CLOUD SHREDDER: Removing the Laptop On-road Data Disclosure Threat in the Cloud Computing Era

Data Disclosure due to laptop loss, especially in travel, is a top threat to businesses, governments, and non- profit organizations. An effective protection against this threat should guarantee the data confidentiality, even if the adversary has physically possessed the laptop. Current technology does not satisfy this requirement. This paper proposes a novel approach to remove the threat under the emerging condition of ubiquitous internet access and cloud computing. We name this approach "Cloud Shredder", implying that the confidential files are shredded and hidden in the semi-trusted cloud storage service.
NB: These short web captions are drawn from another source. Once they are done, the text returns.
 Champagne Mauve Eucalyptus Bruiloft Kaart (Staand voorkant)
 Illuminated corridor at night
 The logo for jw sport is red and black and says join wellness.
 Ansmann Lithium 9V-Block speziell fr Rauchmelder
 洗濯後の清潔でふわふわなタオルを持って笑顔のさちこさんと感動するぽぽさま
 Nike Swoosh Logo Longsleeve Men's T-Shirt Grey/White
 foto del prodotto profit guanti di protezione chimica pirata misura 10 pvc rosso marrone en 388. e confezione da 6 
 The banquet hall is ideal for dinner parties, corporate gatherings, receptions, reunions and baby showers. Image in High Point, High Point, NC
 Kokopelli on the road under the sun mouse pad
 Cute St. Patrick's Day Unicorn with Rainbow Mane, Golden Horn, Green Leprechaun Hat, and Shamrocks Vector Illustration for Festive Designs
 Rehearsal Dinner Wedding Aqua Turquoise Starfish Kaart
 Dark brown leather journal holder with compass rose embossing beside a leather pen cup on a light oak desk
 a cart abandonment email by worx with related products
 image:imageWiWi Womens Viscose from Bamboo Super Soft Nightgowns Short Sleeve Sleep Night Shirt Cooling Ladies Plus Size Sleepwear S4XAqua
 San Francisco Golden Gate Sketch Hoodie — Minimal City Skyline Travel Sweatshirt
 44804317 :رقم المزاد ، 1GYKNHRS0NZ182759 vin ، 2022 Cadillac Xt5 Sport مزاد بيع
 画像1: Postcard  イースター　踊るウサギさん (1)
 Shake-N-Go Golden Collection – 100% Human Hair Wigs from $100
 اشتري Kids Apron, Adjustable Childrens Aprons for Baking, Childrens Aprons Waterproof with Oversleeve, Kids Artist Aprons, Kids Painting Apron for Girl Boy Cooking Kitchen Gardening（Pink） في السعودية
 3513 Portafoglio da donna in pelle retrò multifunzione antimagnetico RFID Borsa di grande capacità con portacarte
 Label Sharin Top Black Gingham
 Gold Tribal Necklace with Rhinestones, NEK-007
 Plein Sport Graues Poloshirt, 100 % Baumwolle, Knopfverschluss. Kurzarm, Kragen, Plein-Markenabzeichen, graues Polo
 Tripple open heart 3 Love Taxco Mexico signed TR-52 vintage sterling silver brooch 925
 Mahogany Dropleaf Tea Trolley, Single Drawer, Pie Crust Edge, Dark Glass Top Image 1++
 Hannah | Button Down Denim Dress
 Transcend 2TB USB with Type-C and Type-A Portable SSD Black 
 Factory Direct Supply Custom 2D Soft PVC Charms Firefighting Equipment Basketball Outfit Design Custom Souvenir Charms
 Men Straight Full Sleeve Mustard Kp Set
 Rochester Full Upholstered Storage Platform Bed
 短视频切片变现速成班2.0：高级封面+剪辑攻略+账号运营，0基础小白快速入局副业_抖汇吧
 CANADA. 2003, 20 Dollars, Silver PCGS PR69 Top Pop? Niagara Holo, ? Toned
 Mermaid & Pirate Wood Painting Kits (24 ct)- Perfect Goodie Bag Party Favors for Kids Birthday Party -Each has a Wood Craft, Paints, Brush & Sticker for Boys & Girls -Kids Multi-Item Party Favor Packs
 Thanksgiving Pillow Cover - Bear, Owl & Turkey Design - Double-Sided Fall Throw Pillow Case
Cloud Shredder is a generic and transparent security service that allows legitimate user access the files in exactly the same way as with commodity file systems, whereas the attackers only get meaningless junk even if they have obtained every byte on the hard drive. Rather than the traditional encryption-based protection, Cloud Shredder limits the attacker\´s opportunity in a short time window. We implemented a prototype that is compatible with the typical cloud storage service, Amazon S3, and supports two popular document applications, Acrobat Reader and Open Office. Our experiments show that the influence on file access performance is reasonable and should not ruin the user experience. Cloud Shredder is also applicable to smart phone, netbook and other computing devices with internet connection.